Hillary, as expected, won by a big, double-digit margin in West Virginia, 67% to 27%, but it might not make much of a difference. Obama just keeps rolling along, picking up one superdelegate after another, including many former Clinton backers.
The overwhelmingly white, working-class state (only 15% of the population have college degrees) came out for Clinton, who needs a big boost to stay in the race. Race emerged as an unusually salient factor.The number of white Democratic voters who said race had influenced their choices on Tuesday was among the highest recorded in voter surveys in the nomination fight. Two in 10 white West Virginia voters said race was an important factor in their votes. More than 8 in 10 who said it factored in their votes backed Mrs. Clinton, according to exit polls.
With Barack solidly ahead of Clinton in the delegate fight, the West Virginia results are unlikely to hurt his chances of winning the nomination.
Yesterday, James Carville, the Democratic strategist and long-time Clinton loyalist, told a Furman University audience that Clinton’s chances of actually winning the nomination are nil, if not actually gone.
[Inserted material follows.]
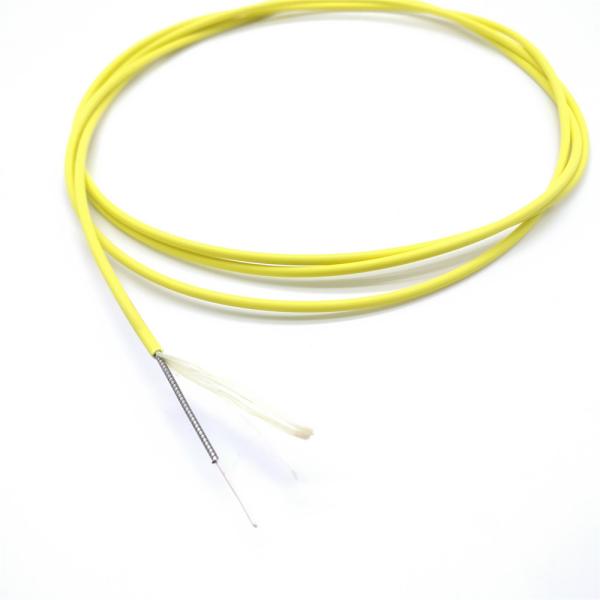 10D Bending Radius Direct Indoor Spiral Steel Armored Optical Cable 1-12 Core 1km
Saying he believes Clinton will remain in the race “until the last dog dies”, Carville said:
I’m for Senator Clinton, but I think the great likelihood is that Obama will be the nominee.I still hear some dogs barking.
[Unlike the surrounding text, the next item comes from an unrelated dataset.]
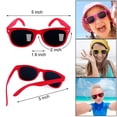 thumbnail image 4 of Gafas de sol GINMIC para fiestas infantiles, paquete de 12 unidades, neón UV400, 4 of 7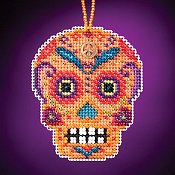 Mill Hill Calavera Charmed Ornaments - Naranja THUMBNAIL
A colorful but strangely apt analogy, as it’s been a dogfight all the way. It was Bill Clinton, during a low period in his 1992 campaign, who popularized the phrase when he said in New Hampshire:
If you stick with me, I’ll stick with you until the last dog dies.
However, even if Clinton won all the delegates in the remaining contests, a practical impossibility, she could not gather the delegates needed to win the nomination. It seems at this point that she’s clutching at straws. Her fading hopes rest in having the delegations from Florida and Michigan, where she won, included in the final delegate tally. Delegations from the two states have been barred from the Democratic national convention in August because they held primaries before party rules allowed. However, this possibility would likely be be shot down by the superdelegates.
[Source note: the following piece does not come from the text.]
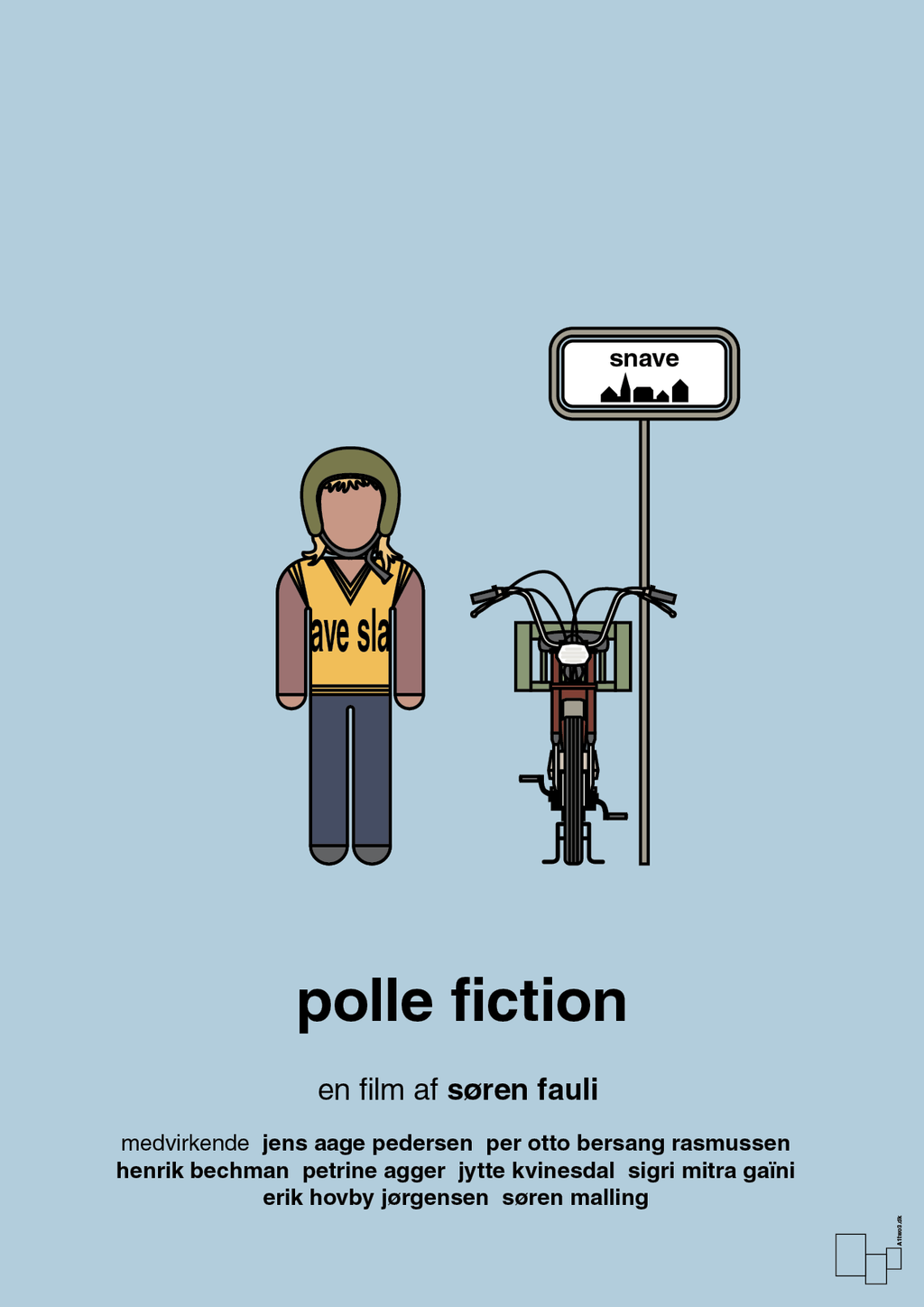 plakat: polle fiction - heavenly blue-FIlm-A1two3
Looks like the Democartic top dog will be Obama. How will he fare against a pitbull like John McCain ?
In a major blow to Clinton’s fading campaign, ex-presidential candidate John Edwards endorsed Barack Obama. Said Edwards:
The Democratic voters in America have made their choice, and so have I. There is one man who knows in his heart that it is time to create one America – not two – and that man is Barack Obama.